Asian Football Confederation (AFC)

Football mourns Malaysia’s Peter Velappan – the peace-broker who helped Japan and Korea stage the first-ever co-hosted World Cup

  • The 83-year-old died on Saturday, having been general secretary of the Asian Football Confederation from 1978 to 2007
  • Velappan was a pioneer in commercialising the sport in Asia when he agreed to take on an official marketing partner in the early 90s
PUBLISHED : Sunday, 21 October, 2018, 1:44pm
UPDATED : Monday, 22 October, 2018, 2:18pm

Peter Velappan’s earliest memory and his most prized one both involve Japan. He witnessed as a child Japanese invaders sweeping across Malaya in 1941 during the second world war. More than six decades later, he was in Japan watching the World Cup final between Brazil and Germany, having played a pivotal role in ensuring Japan and South Korea would, in 2002, become the first co-hosts of the World Cup.

Velappan, the former Asian Football Confederation general secretary, died on Saturday at the age of 83, leaving behind a powerful legacy in Asian football. The sport in Asia is worth billions, the top leagues in the region attract some of the biggest crowds and Asian players are making an impact on the world game.

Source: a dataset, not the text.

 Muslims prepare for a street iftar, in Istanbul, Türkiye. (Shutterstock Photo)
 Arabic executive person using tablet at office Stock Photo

For many years, he was the face of Asian football and once boasted that he was “the most famous Malaysian in the world” after leading out the teams at the World Cup final in front of billions of viewers.

The 2002 World Cup was among his most important contributions to world football. Japan and South Korea wanted to host the finals and the rivalry was nasty. It was Velappan who stepped into the breach, suggesting they co-host the tournament.

Eventually, they agreed, enabling the World Cup to come to Asia for the first time.

Much of the success that Asian football enjoys now can be traced back to the work of Velappan during his time as AFC general secretary, from 1978 to 2007. Indeed, his 1992 decision to take on a marketing partner for the AFC was unprecedented in Asia. It would lay the foundations for what would eventually become a billion-dollar organisation and a template for governing bodies across the region.

In 1993, a US$10 million deal was signed with AFC Marketing – a relationship that would continue under the latter’s various iterations until next year, when Chinese company DDMC is due to take over with the promise of US$2 billion in revenue for the regional body.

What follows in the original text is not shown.